**Listed entries**
◇ ◇ ◇ ◇ ◇
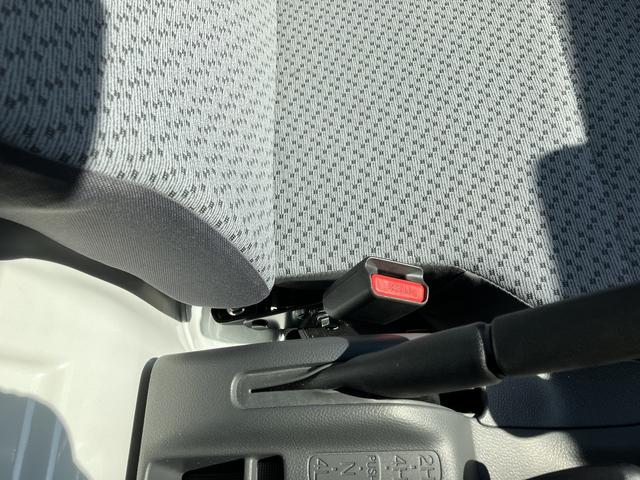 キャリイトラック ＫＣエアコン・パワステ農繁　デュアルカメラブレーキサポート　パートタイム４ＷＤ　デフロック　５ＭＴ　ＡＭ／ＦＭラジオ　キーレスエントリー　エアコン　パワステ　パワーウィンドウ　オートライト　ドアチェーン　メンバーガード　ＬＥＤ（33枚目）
◇ ◇ ◇ ◇ ◇
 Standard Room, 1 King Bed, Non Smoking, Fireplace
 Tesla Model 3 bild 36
◇ ◇ ◇ ◇ ◇
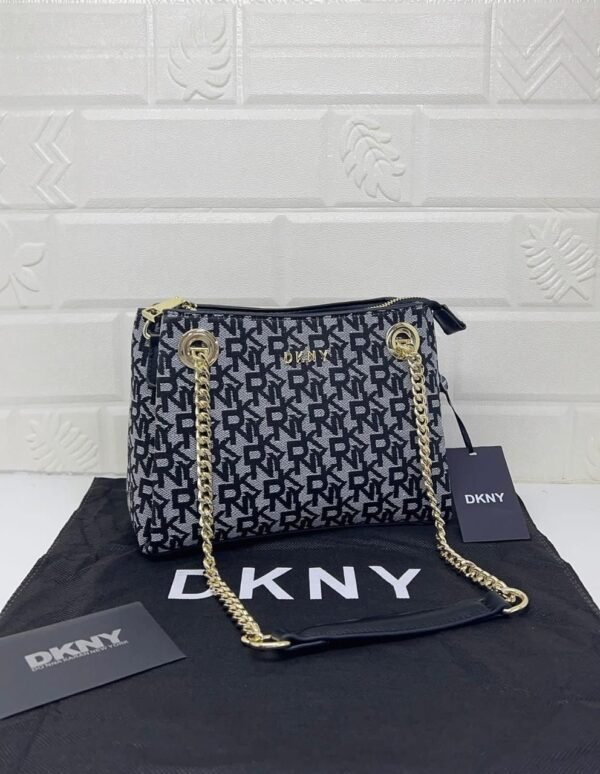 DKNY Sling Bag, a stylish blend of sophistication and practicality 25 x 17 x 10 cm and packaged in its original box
◇ ◇ ◇ ◇ ◇
**Action item**
From the entries above, extract only the lines running from the one containing "Standard Room, 1" through the one containing "Tesla Model 3 bild 36", inclusive.

**Written answer**
 Standard Room, 1 King Bed, Non Smoking, Fireplace
 Tesla Model 3 bild 36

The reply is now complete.